Short text fragments from websites
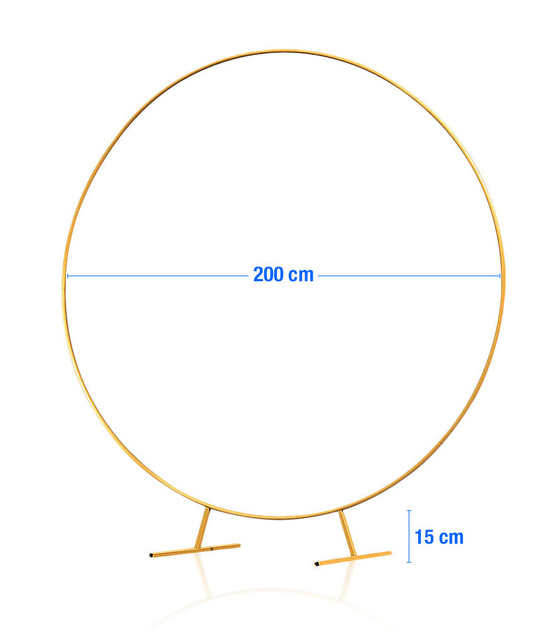 Metalowe Koło 200cm - Stelaż do Dekoracji i Aranżacji, Idealne na Śluby i Eventy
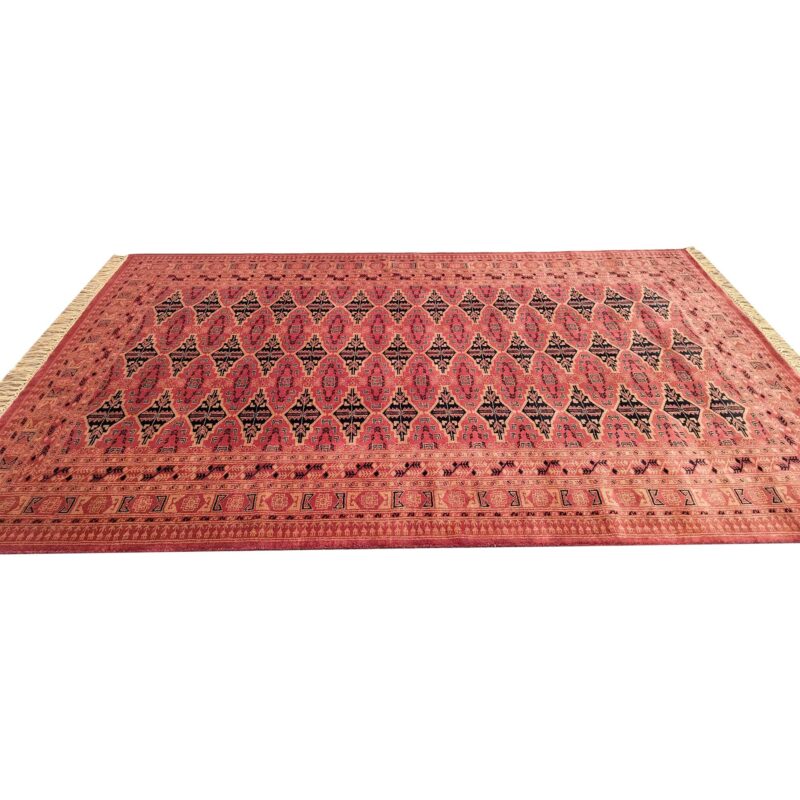 6x9 Feet Wool Red Hand Knotted Carpet - Image 6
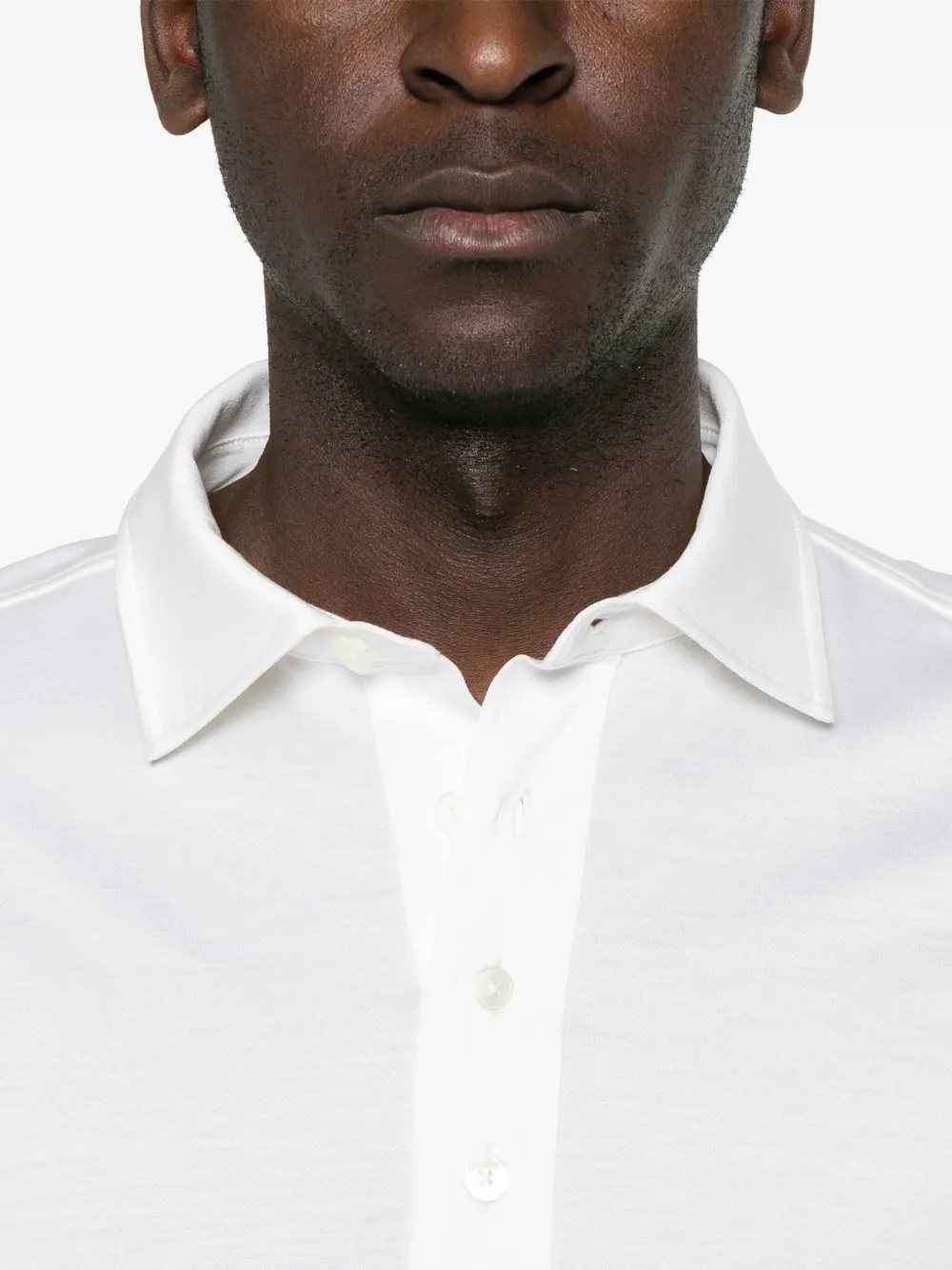 Zegna Poloshirt Wit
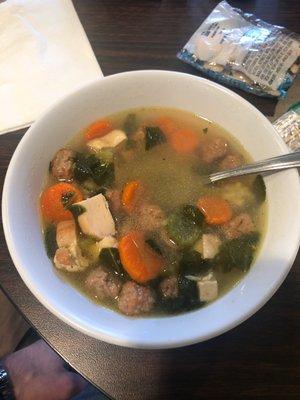 Hearty wedding soup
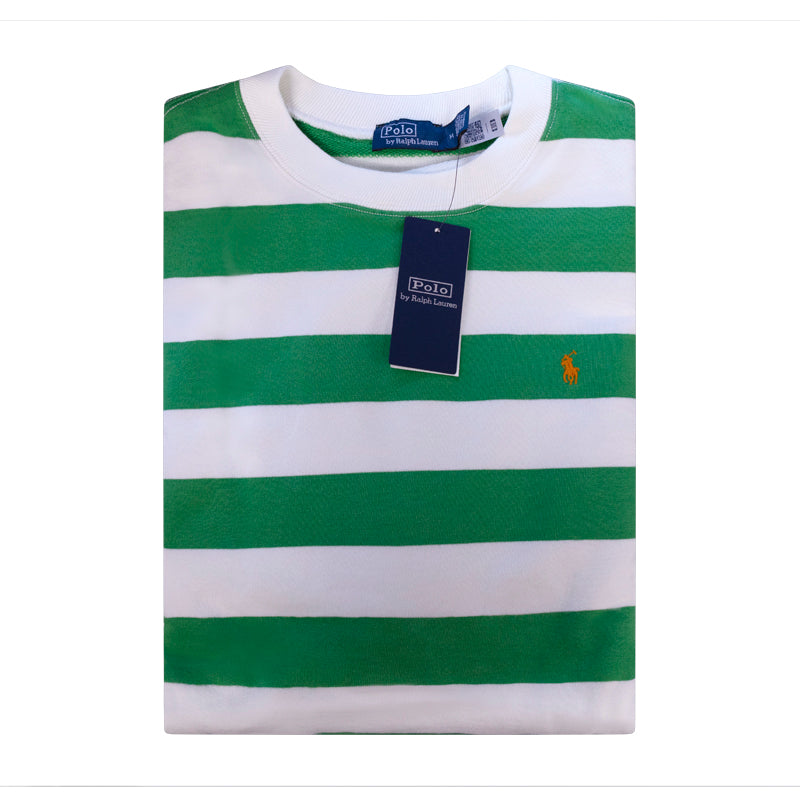 Ralph Lauren Polo Striped Terry Jumper Green Women's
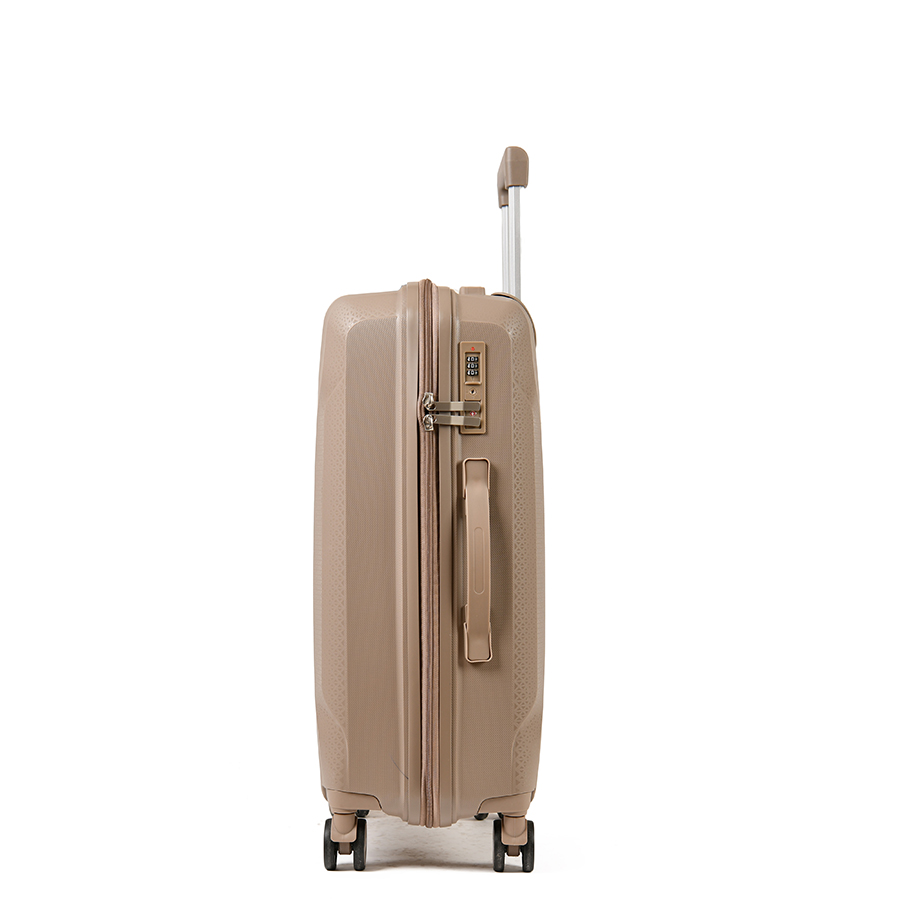 small suitcase polypropylene light brown 0161430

= PROBLEM REQUIREMENTS =
Print all entries exactly, without images.

= RESPONSE AREA =
 Metalowe Koło 200cm - Stelaż do Dekoracji i Aranżacji, Idealne na Śluby i Eventy
 6x9 Feet Wool Red Hand Knotted Carpet - Image 6
 Zegna Poloshirt Wit
 Hearty wedding soup
 Ralph Lauren Polo Striped Terry Jumper Green Women's
 small suitcase polypropylene light brown 0161430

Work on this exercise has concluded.